Nevertheless, document review is a bit different from direct observation, participant-observation or testing. This focus on Triangulation leads us to a final critical question: are all three sources and methods being deployed when a DSM diagnosis is being made? We will be returning to this question repeatedly in this essay and the next essay as we address the opportunities and challenges associated with use of the Diagnostic and Statistical Manual of Mental Disorders (DSM).
I would suggest, in summary, that the distinction to be drawn between diagnosis and assessment can be captured in the artistic analogy that (as we have already mentioned) defines the purpose of this essay and the next essay in this series. Diagnoses are essentially intimate portraits that are rendered to help us capture the unique features of one person’s pathologies. An intimate rendering is also being offered in our next essay on the assumptive worlds of psychopathy that focuses on the actual experiences of senior clinicians in using DSM.

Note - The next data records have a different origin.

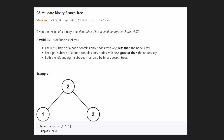Hey everyone, welcome back and let's write some more neat code today. We're solving Validate Binary Search Tree, a very good question for practicing binary search tree questions. We're given a root of a binary search tree and we just want to determine: is it a valid binary search tree or not?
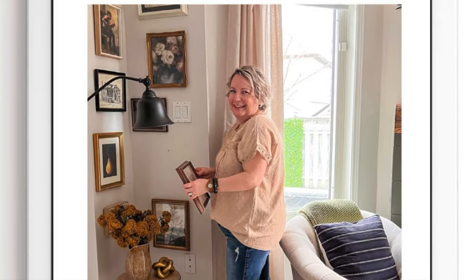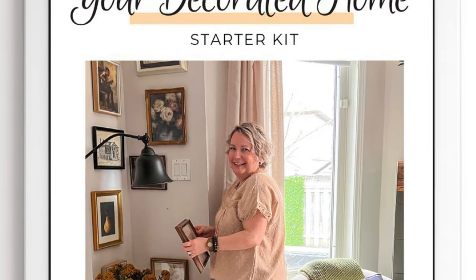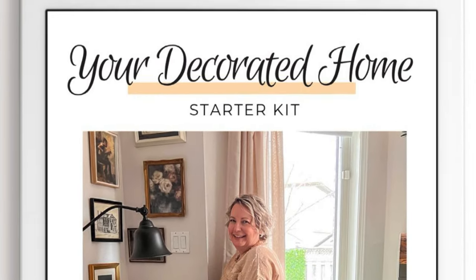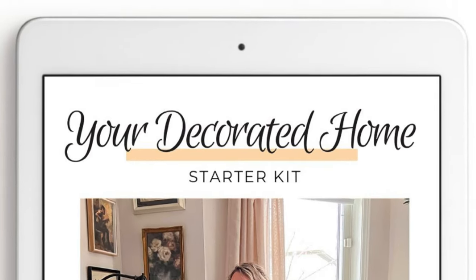If you want to learn more about styling and decorating your home beyond just the coffee table, I've got a free decorating starter kit to help you with that. There's a link in the description below — check it out.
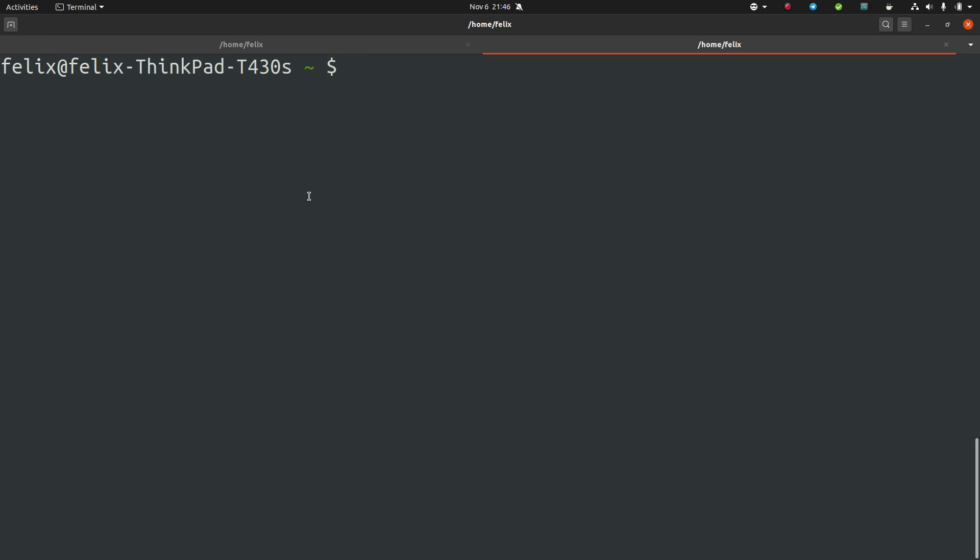Some people sometimes get stuck when they use vim in Linux tutorials and they don't know how to leave it. So I'll just pretend I enter and edit some file.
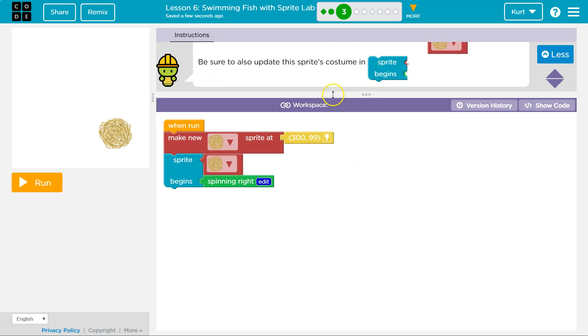Got it. Be sure to also update the sprite's costume in... oh yeah, so the sprite begin. Got it.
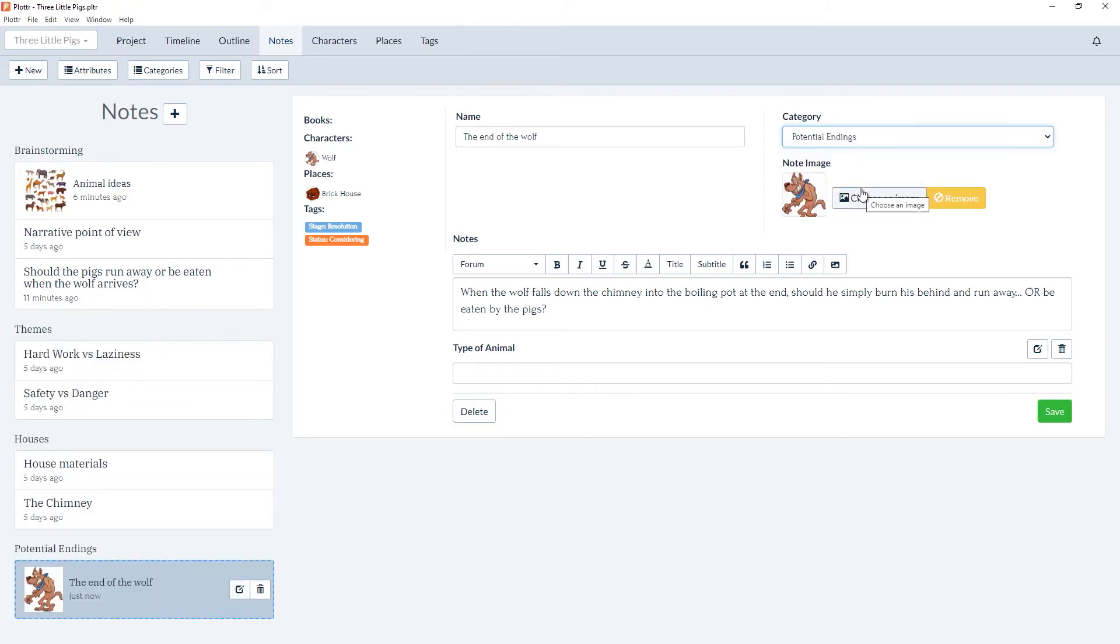And if we click here we can see at the bottom of our list it has added this note card under the category of potential endings to better help us organize and understand our notes.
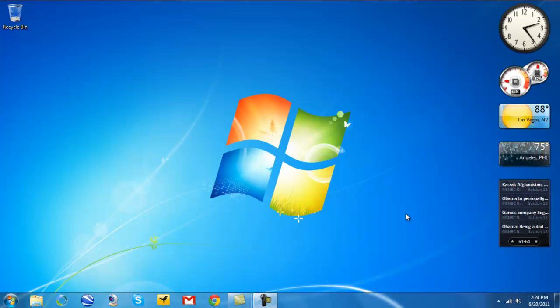Hola everybody, Vince Bognor here. Thank you very much for tuning into this video. This video is going to be on how to install and run Windows XP on your Windows 7 machine.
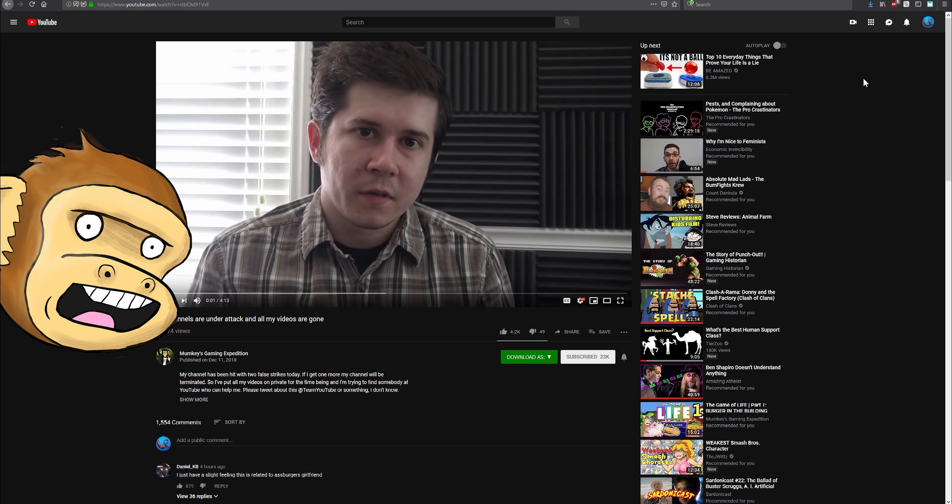This is bad because he might actually lose his livelihood. This time they got both of his two main channels.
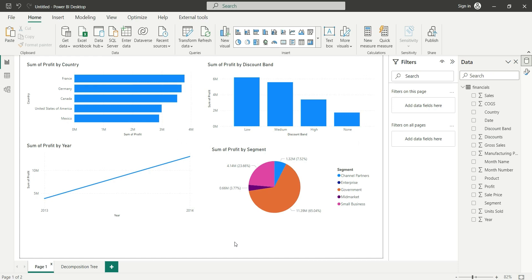So basically we analyze a measure by one category in regular charts. In the decomposition tree, however, we can analyze a measure across multiple dimensions — up to 50 dimensions at a time. Whenever we want to analyze our data or find an outlier, we use the decomposition tree visual in Power BI. Now let me show you how to use it.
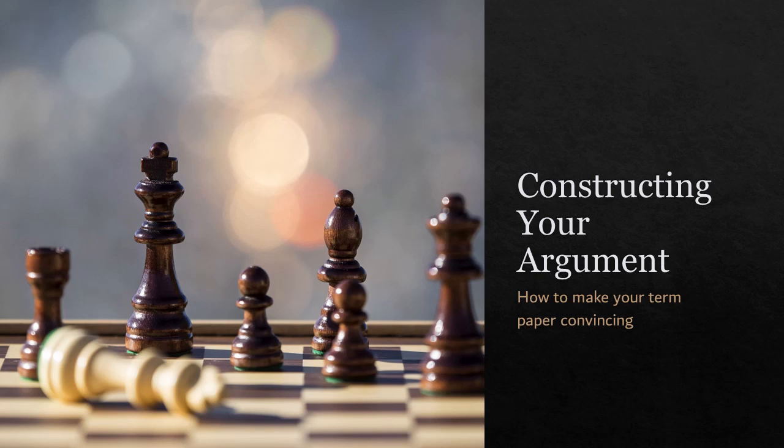Welcome to the next video in the series of how to write a term paper successfully for your Methoden module, or if you're just looking for advice. This one's all about structuring your argument, how to make your term paper more convincing.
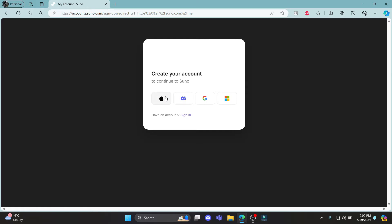Now some of the options with which you can create your account in Suno are your Apple ID, Discord ID, Google account, and Microsoft account. You can use any of these according to your preference.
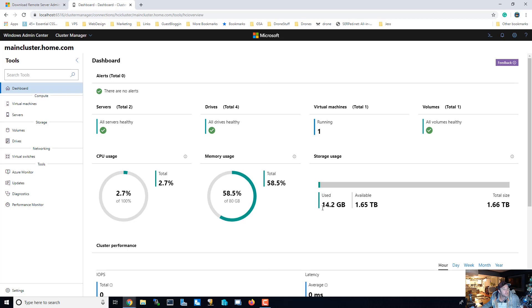So yeah, that's it for the Windows Admin Center. Till next time.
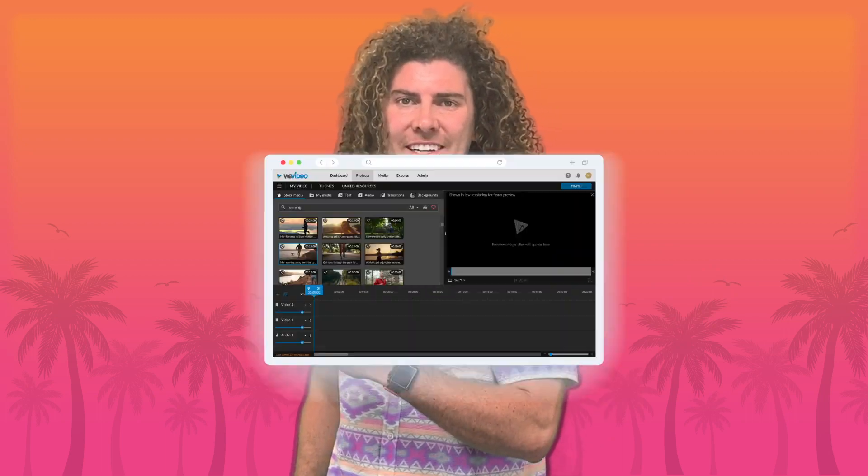What's up? I'm Max from WeVideo and for today's episode of Tuesday Tips and Tricks we're going over slow motion. Let's get started.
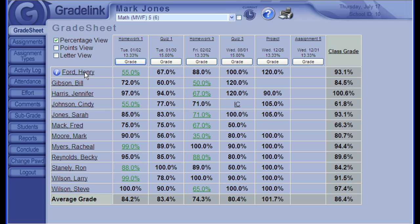If a student has been marked absent for the day, Grade Link will display a blue icon next to their name on the grade sheet for any classes that student is enrolled in. If I roll over their name, I'll get a little pop-up telling me any information.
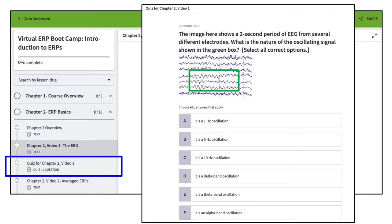Also, the quiz questions will help you make sure you actually understood what was in the video and that you can apply what you learned to new situations. After all, what's the point of learning something if you quickly forget what you learned or can't apply what you learned? So make sure you put a lot of effort into the quiz questions.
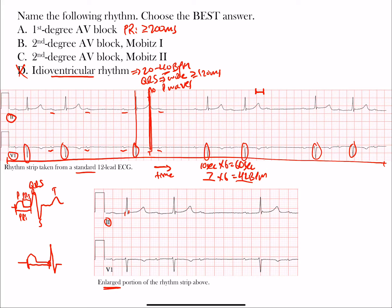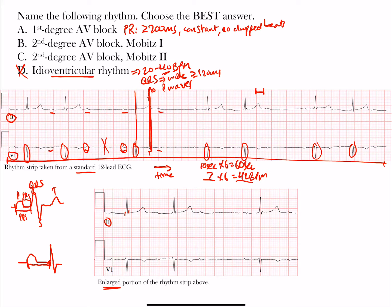The PR interval — or PQ interval if a Q wave starts the complex — is generally what we use. If that interval is more than 200 milliseconds and constantly prolonged with no dropped beats, that is a first degree AV block. However, we can see P waves with no QRS following between them, meaning there are dropped beats. First degree AV block has no dropped beats, so it is not correct. It must be one of the two second degree AV blocks — Mobitz Type 1 or Type 2.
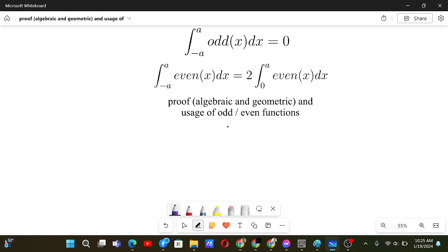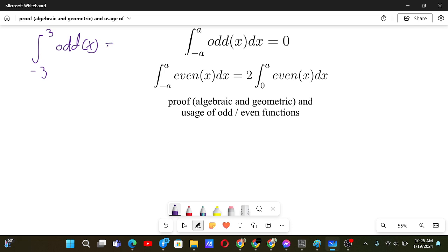Proof and usage of odd and even functions. For an integration involving odd or even functions, if we notice such functions, it can be really helpful if the domain is symmetric. For example, if there is an integral from minus 3 to 3 and there is some odd function inside it, then this will directly be 0, which helps us a lot — even if the odd function is not easily integrable.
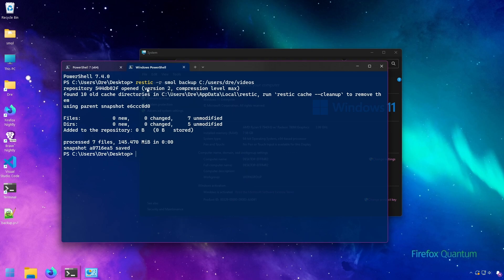But we can see here when we ran it back up, it set compression to max level, which is what we wanted. That's pretty good. Of course, since we've already backed up the data, nothing was actually stored.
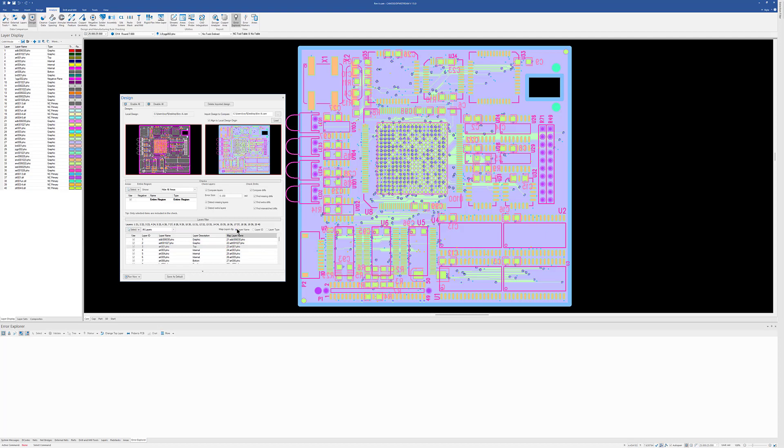So you do have, again, Layer Name, Layer ID, and Layer Type as options for matching up your layers when you're doing a design compare.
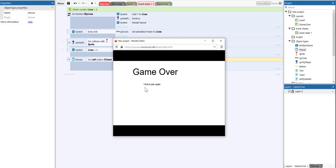This is how you add lives by using Construct 3. I hope you've learned something new today and will apply these new skills to your video game. Thank you very much for watching. Bye.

By contrast, assessments are broader landscape renderings that help us capture the way(s) in which a specific pathology fits into (and is often at least in part induced by) the environment in which the person being diagnosed must operate. This essay is itself a landscape rending, with DSM being placed in a broader societal context. Now, with this brief foray into the fundamentals of both diagnosis and assessment, we are ready to focus specifically on DSM.
Diagnostic and Statistical Manual of Mental Disorders: Current Status
At the present time – and for the foreseeable future, DSM is the official diagnostic classification system in the United States. It is likely to go through future revisions—but will continue to be the “bible” of mental health. We purposefully use the term “bible”, for in many ways this document is treated with a great deal of reverence and is considered to be the definitive word from “on high” (in this case, its publisher, the American Psychiatric Association.